Samuel Livesey (14 October 1873 – 7 November 1936) was a Welsh stage and film actor.

Life
Livesey's father, Thomas, had been a railway engineer before leaving the industry to establish a travelling theatre with his wife Mary.

The two had six children who all grew up working in the theatre. In 1893, after Thomas's death, Mary opened a purpose built theatre, the Prince of Wales in Mexborough. The family performed frequently on the stage and in touring productions.

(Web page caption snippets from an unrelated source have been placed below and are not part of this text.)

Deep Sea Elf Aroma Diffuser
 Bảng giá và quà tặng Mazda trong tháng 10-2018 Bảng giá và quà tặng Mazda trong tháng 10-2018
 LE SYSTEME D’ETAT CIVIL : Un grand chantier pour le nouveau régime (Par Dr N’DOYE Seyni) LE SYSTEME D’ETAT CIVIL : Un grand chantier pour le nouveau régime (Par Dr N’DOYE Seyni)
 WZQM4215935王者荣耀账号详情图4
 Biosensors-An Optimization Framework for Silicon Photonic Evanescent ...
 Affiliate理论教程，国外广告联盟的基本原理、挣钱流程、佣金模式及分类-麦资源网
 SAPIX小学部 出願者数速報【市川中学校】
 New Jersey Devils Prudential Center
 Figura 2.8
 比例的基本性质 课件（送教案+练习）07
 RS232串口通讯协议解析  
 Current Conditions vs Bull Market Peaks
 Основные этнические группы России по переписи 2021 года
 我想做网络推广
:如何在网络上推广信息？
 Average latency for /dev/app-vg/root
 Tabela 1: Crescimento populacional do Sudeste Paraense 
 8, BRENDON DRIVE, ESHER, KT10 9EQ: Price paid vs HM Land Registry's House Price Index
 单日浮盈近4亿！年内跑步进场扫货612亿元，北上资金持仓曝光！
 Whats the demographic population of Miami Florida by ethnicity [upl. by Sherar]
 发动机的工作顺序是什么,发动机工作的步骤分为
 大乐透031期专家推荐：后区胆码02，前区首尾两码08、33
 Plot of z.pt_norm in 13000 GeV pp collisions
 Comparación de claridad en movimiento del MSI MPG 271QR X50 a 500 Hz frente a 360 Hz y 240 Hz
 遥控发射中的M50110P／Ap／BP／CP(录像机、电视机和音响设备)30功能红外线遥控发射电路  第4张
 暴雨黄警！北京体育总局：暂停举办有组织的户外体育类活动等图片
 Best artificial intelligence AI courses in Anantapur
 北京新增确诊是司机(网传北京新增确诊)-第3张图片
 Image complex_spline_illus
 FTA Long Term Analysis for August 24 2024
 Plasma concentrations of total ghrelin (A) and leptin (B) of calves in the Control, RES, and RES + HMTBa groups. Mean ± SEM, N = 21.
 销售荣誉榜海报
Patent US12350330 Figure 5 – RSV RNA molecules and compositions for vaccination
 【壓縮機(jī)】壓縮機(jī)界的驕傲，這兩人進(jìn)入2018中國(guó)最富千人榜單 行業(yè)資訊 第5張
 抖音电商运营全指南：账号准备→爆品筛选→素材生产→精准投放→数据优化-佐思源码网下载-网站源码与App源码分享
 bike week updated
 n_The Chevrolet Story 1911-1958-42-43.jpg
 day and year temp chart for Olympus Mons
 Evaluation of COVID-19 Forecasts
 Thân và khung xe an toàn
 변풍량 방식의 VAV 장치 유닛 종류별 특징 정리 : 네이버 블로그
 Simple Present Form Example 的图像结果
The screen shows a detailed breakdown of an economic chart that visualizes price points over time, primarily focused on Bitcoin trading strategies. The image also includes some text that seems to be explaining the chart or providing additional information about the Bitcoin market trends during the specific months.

Sam and his brother Joseph married actresses who were themselves sisters: Sam married Margaret Ann Edwards in 1900 and Joseph married Mary Catherine Edwards in 1905. Sam and Margaret had two children who subsequently followed their profession, the actors Jack and Barry Livesey. But by 1913 both Joseph and Margaret Ann had died. Sam then married Mary Catherine and adopted her son Roger (his nephew) as his own. Roger Livesey also went on to become a highly successful stage and screen actor. The couple had a daughter together in 1915 whom they named Stella.

Film career

Livesey had a successful film career encompassing both the silent and sound eras. He often appeared as authority figures; the cuckolded headmaster in Young Woodley, the dictatorial paterfamilias in Maisie's Marriage and a variety of Police inspectors and military officers. Alfred Hitchcock cast him as the Chief Inspector in the original silent version of Blackmail but in the subsequent sound version, the role went to Harvey Braban.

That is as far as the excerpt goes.